Commitment and Team: Not Just For The Locker Room

I've failed. 

Yes, I committed to updating this blog on a fairly regular basis, yet this is the first time in nearly three months that I've logged an entry.  So, yes ... my commitment has wavered a bit on this front.

I've failed many times, in fact.  I've also failed myself over the span of my career, learning all too often how much work I still have to do to reach my own potential.

However, this Friday afternoon, it's a time to celebrate.  It's been a particularly rewarding three months for me personally and professionally.  Bottom line: I'm having a blast, working with some of the best people in the industry and having a great time doing it.  But, I found that I had to re-commit myself and go back to the core of what I believe to be important.  What I feel is most important, is being a team player and making the team better overall.

I had lunch today with a colleague in the industry, and she and I talked about what it was like to be a part of an organization and team that you truly believe in.  We both sat there and felt really blessed to be where we were.  It's not complacency, mind you.  It was just a moment to look off that proverbial mountain and see where you are and say, "Wow ... thanks."

As a member of the #sportsbiz industry, we all work on teams, and many of us for teams.  We realize that we're part of a bigger structure that only succeeds at the highest level when we're working together.  What that requires is a commitment to the people around me.
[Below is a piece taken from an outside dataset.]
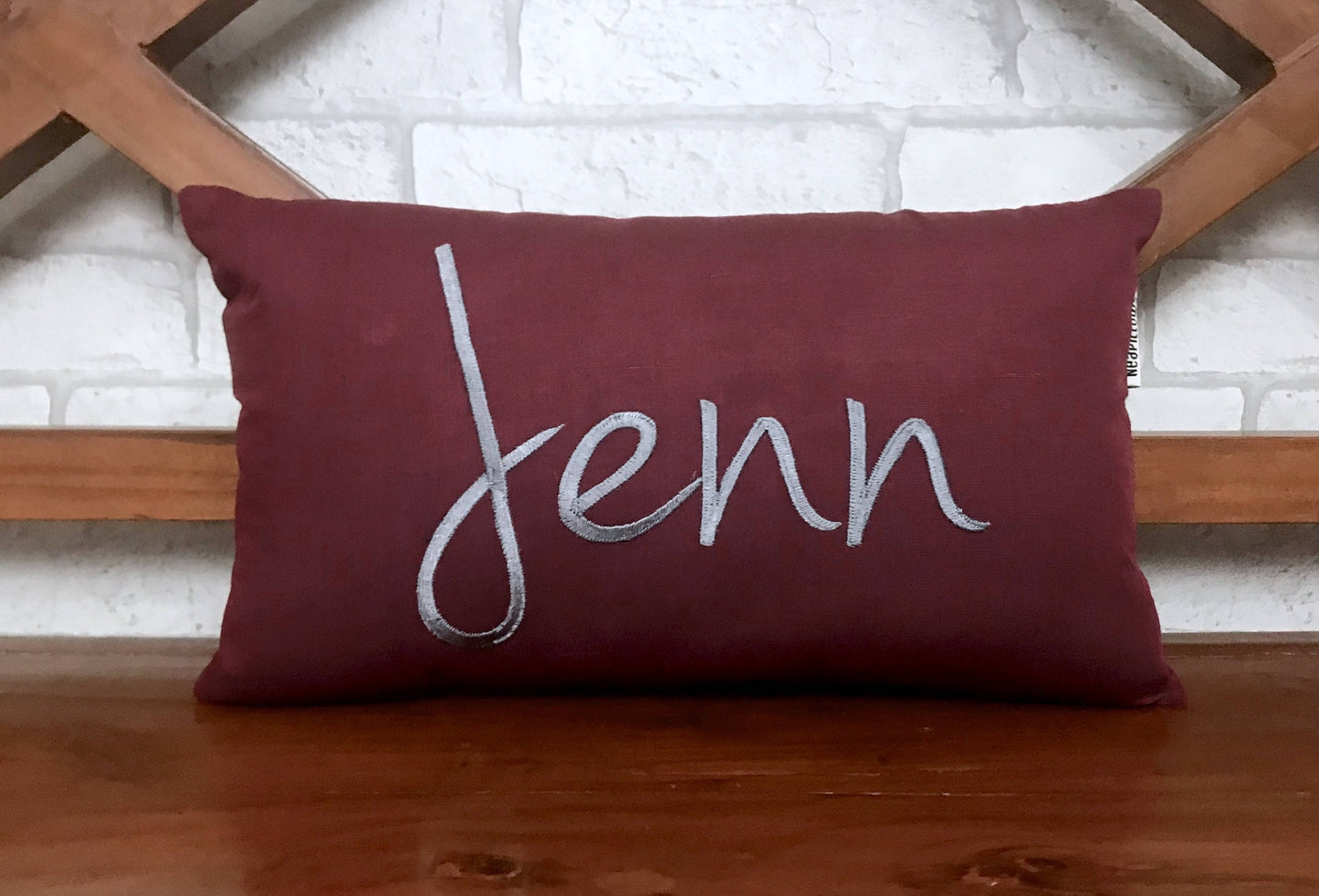 Custom Name Pillow, Personalized Monogram Pillow, Kids or Last Name, Couple Gift ideas, Wedding Love Anniversary Gifts.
Let me say by no means I have this figured out.  But the older I get, the more I am starting to see the value that certain relationships have in my own career and life.  These are bonds that will go long beyond work, but into our lives.  And it's not necessarily about having people you can call and hang out with on the weekends.  It's about people you can count on when it matters most.  I just wrapped up an experience like that.

I was fortunate to be a part of a team that I felt like was one of the strongest I have ever worked on.  Each of the players had been assigned a role in the project, and each of us played critical parts that led to a solid performance.  Now, it's to be determined how successful we ultimately are.  But this team, this day ... we were on.

There's also some people I work with that I also learn a lot from.  I see them interact on a daily basis, and they do a really great job of succeeding while working in a team environment.  But it's a commitment on their parts.  They choose to play up each others' strengths, minimize their weaknesses and all-in-all, put up with their individual eccentricities.  It's a great learning exercise for me. 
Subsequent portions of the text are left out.